Steve Beshear in Frankfort. Photo: By James Crisp, Special to the

Author and demonstrator Wendell Berry, a lifelong Kentucky resident, explained, "We came because the land, its forests, and its streams are being destroyed by the surface mining of coal, because the people are suffering intolerable harms to their homes, their health, and their communities."

The protesters - who included a retired coal miner, a nurse practitioner who treats miners, community organizers, a graduate student, and others - had been staying in the office since talks between them and Governor Beshear came to a stalemate on Friday afternoon.

In the meeting, Governor Beshear continued to express his support for both mountaintop removal and the coal industry.

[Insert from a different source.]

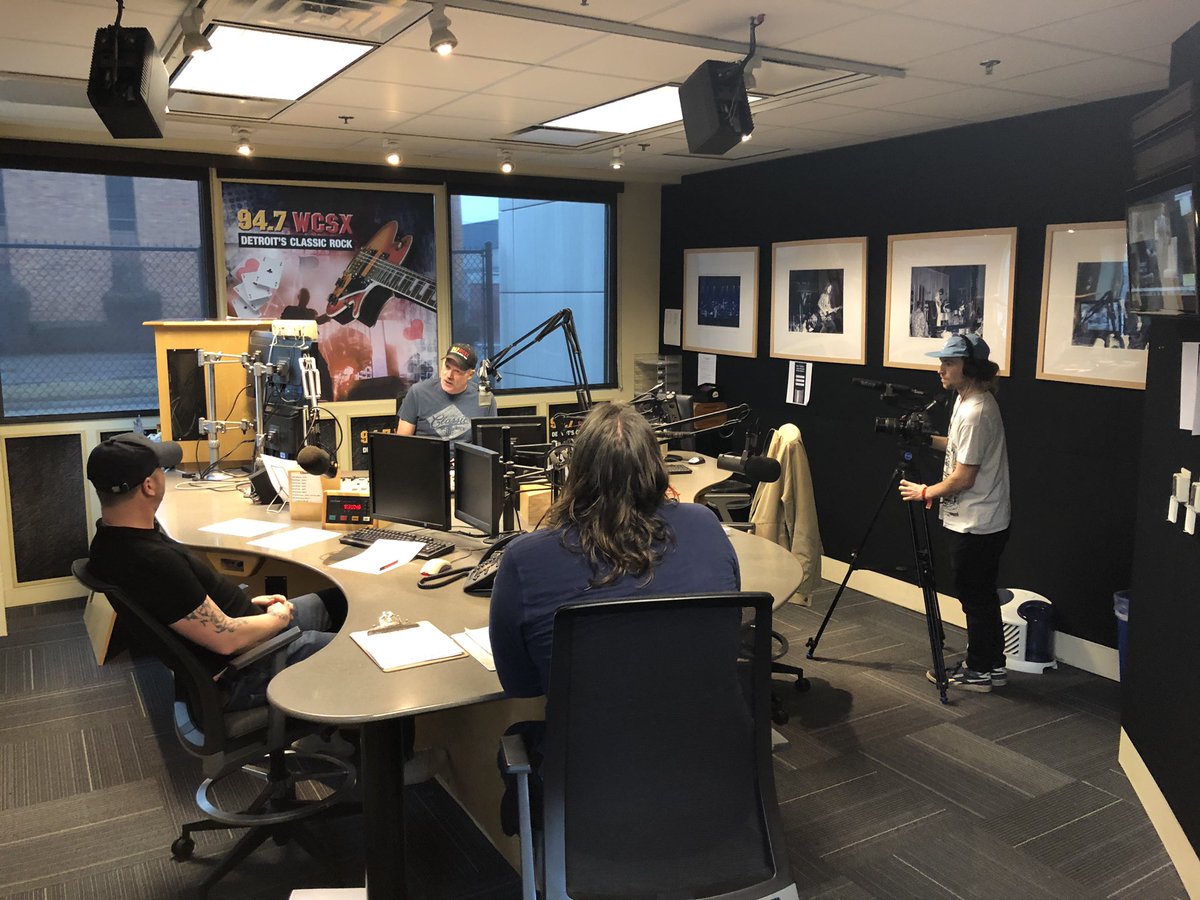About to live on #WCSXRadio in Detroit #1BTNRadio #VisitDetroit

The protesters found his position unacceptable, and refused to vacate his office. When they declined to leave, the governor instructed his security team to inform the protesters that they were welcome to stay "as long as they wanted."

The sit-in, which the protesters dubbed Kentucky Rising, has attracted international attention, with messages of support coming in from Argentina and Germany. Statements of support came from environmentalists such as Bill McKibben, founder of the climate change awareness nonprofit, and environmental writers Michael Pollan, Naomi Klein, Terry Tempest Williams, and Wes Jackson.

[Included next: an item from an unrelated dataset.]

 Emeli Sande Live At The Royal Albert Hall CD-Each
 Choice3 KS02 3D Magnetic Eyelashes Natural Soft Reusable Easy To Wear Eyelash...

"I can think of no more appropriate action to be taking on Valentine's Day than what Wendell Berry and his fellow Kentuckians are doing: taking a stand from one's heart," said Williams. "Mountaintop removal is an act of aggression. Civil disobedience is an act of love. We are right there with them in solidarity and support."

"People across America today ... are electrified by what's going on in Frankfort," McKibben said. "It's about time that people said: 'No more business as usual, if that means leveling the mountains of southern Appalachia.'"

Governor Beshear, who is running for reelection this year, met one of the protesters demands with his pledge Monday to travel to eastern Kentucky within 30 days and personally inspect damage caused by mountaintop removal.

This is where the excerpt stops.